The narrowing blue swatch may reflect the possibility that men who once identified as bisexual have come to terms with being plain ol’ gay (but the data isn’t longitudinal, so it may be a cohort thing instead of a life stage thing).

Or perhaps the distribution is the result of an interaction between age and who it’s easy to meet. Maybe young bisexual guys have an easy time meeting women and turn to the internet to meet men; whereas men in their 30s and beyond find it easy to meet men and so turn to the internet to meet women?

Myth: Bisexuals just want to have heterogamous nuclear families; bi men are secretly monosexual gay men; if you don’t message “both” (there are more than two!) genders equally, you’re not really bi.

Fact 1: Not all bisexuals experience attraction equally divided among every gender. Some people may be bi-romantic but prefer one/some gender(s) over others for sexual partners; or are bi-romantic and asexual or bisexual but aromantic; or tend to prefer to befriend or date or have sex with certain genders; or prefer to message certain people of genders on an online dating site; or just happen to be matched at a higher percentage with people with the same or a different gender.

The comments on the Sociological Images piece are real bi and non-monosexual folks talking about their experiences dating, on OKC, and in life and when both pieces are poor examples of research and exclude bi voices.

Fact 2: I am a real, live bisexual who sent messages only to women/nonbinary individuals on OKC. Why?
a. My profile was “hidden from straight people” because, while I like men, I don’t have the emotional energy to sort through all the misogynistic messages hoping to find someone who isn’t just fetishizing me.

b.
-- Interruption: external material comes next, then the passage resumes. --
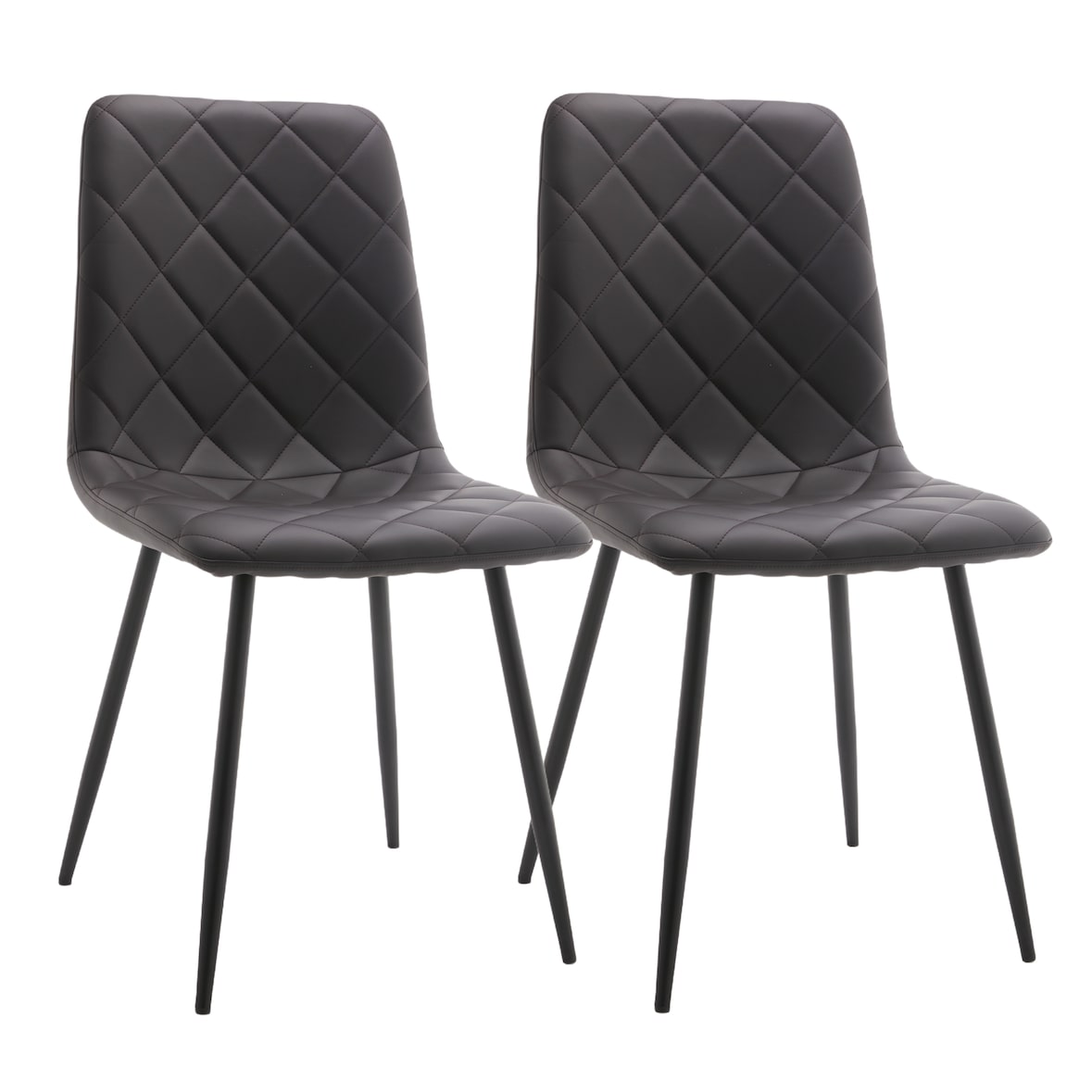 METRO PROFESSIONAL Silla de restaurante tapizada Jara, juego de 2, acero/piel sintética, marrón/negro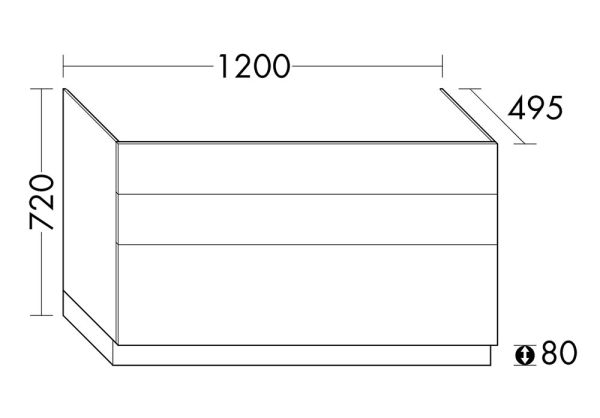 Burgbad Crono Waschtischunterschrank für 2 Aufsatzwaschtische, 3 Auszüge, 120x49,5x72cm, bodenstehend SEVK120F1786G0000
Also, if I were to date a man, I’d prefer to know him in person first to make sure that he is an actual feminist and ally, because I just spent my 20s with a man who used my sexuality, gender identity, and activism to gaslight me to the point where I was convinced I couldn’t be loved by anyone.

c. This same experience of being shamed for being bi and nonbinary extended to monosexual women friends, both straight and lesbian, who shamed me for being attracted to both men and women and for my gender expression (too butch! and also too femme!), so I mostly avoided going on dates with binary lesbians because I was scared.

Gosh, how could I resist my monosexual women friends, though? Oh, wait, it’s because Bleske-Rechek et al. understand my “mating patterns” with my “purportedly platonic” women friends. Of course.

Returning to the OKC blog, the post ends on this frankly ridiculous excuse of a conclusion:

12% of women under 35 on OkCupid (and the internet in general, I’d wager) self-identify as bi. However, as you can see above, only about 1 in 4 of those women is actually into both guys and girls at the same time. I know this will come as a big letdown to the straight male browsing population: three-fourths of your fantasies are, in fact, fantasies of a fantasy. Like bi men, most bi women are, for whatever reason, not observably bi. The primacy of America’s most popular threesome, two dudes and an Xbox, is safe.

Myth: Bisexuals are only doing it for the attention from straight men. All “bisexuals” want is to be in MFF threesomes. This is the only way to express bisexuality.

Fact 1: Bisexual women do not exist for male fantasies, regardless of the partners they choose.

Fact 2: Group sex, whether as a one-time deal or an ongoing relationship (like a closed triad), should come from a place of mutual enjoyment on for all parties, not of a sole focus on male pleasure. Unless all the participants are men.
Fact 3: Male privilege is a hell of a drug. Rudder is not seeing the data objectively, he’s seeing an interpretation based on his biases and prejudices. See Exhibit A.

In Closing

When you publish research and opinion pieces that cater to the idea that bisexuals are cheaters, fakes, and liars because you couldn’t be bothered to actually listen to non-monosexual voices and interpret data based on your naive assumptions about a diverse group of people of whom you have no knowledge, you are literally killing us. People read your research, or they see summaries of it in magazines and blogs, or their friends tell them about rumors they heard which you corroborated because you couldn’t be bothered to listen to the voices of actual bi and queer individuals. Your ignorance contributes to our doctors being unable to or refusing to help us, to mental health care providers shaming us to the point of no longer wanting to seek help (actually happened to me twice), to monosexual partners thinking that gaslighting us (also happened to me) or beating us is what we deserve.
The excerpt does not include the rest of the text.